Happily, for those seeking a universal rule book for AVs, they discovered that we all share a “big three” basic rules: we choose to prioritise human lives over animal lives; would save more lives over fewer; and children before others.
But then things get more complicated. In Asia and the East, where age is honoured more than in the West, the instinct to save the young over the old was much less clear cut. In South America and the Francophone world, women were favoured, proof perhaps that chivalry is not dead. And in countries with high economic inequality, the homeless were sacrificed far more readily than elsewhere.
Many in the AV world complain about the Trolley Problem and its ethical implications for their future products. They say that such situations never arise. But it is clear from reports of accidents that note the driver “swerved to avoid a pedestrian” that they do. Moreover it bleeds into other issues AVs must face. If a driverless vehicle was navigating a narrow road, for example, with a group of children on one side and an adult on the other, should it allow more space for the children, or perfectly in the middle?
Human drivers make ethical judgments in such cases all the time. But they tend to be fuzzy – and computers don’t do fuzzy. “There are so many moral decisions that we usually make during the day we don’t realise,” said Edmond Awad, one of the researchers involved in the Moral Machine. “In driverless cars, these decisions will have to be implemented ahead of time.”

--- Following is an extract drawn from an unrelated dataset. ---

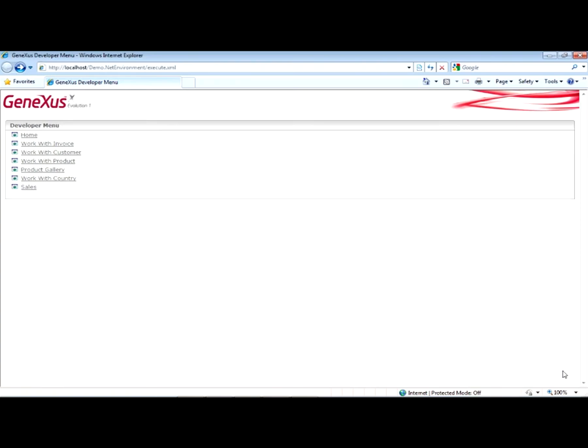Now we will take a look at the application of the invoicing system developed in previous videos, whose appearance we have enhanced with some changes to the format.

It is one of the great challenges holding back fully autonomous vehicles (rather than the cars, such as Teslas, currently available with various driver assistance modes). For years, we have been told that such AVs are just around the corner, ready to take us wherever we want. They never are. In some confined, well-regimented places like ports, or even the suburbs of Phoenix, Arizona, driverless vehicles already shuttle about. “The problem is,” says Jack Stilgoe, professor of science policy at UCL, “most of the world does not look like Phoenix.” It’s much more complicated. And the learning-by-doing methods that often inform AI are simply impossible on the roads.
It was trial and error, for example, that helped a Google computer learn, and then master, the complexities of first Chess and then the boardgame Go. Other researchers have even let a tiny aircraft crash almost 12,000 times as its computer learnt to fly it. But the skies are comparatively empty. And letting computers learn by getting it wrong as children jump out from behind parked cars is unthinkable.
The result is that forecasts have got more pessimistic. Chris Urmson, former head of Google’s AV team, thinks they will only be phased in over the next 50 years.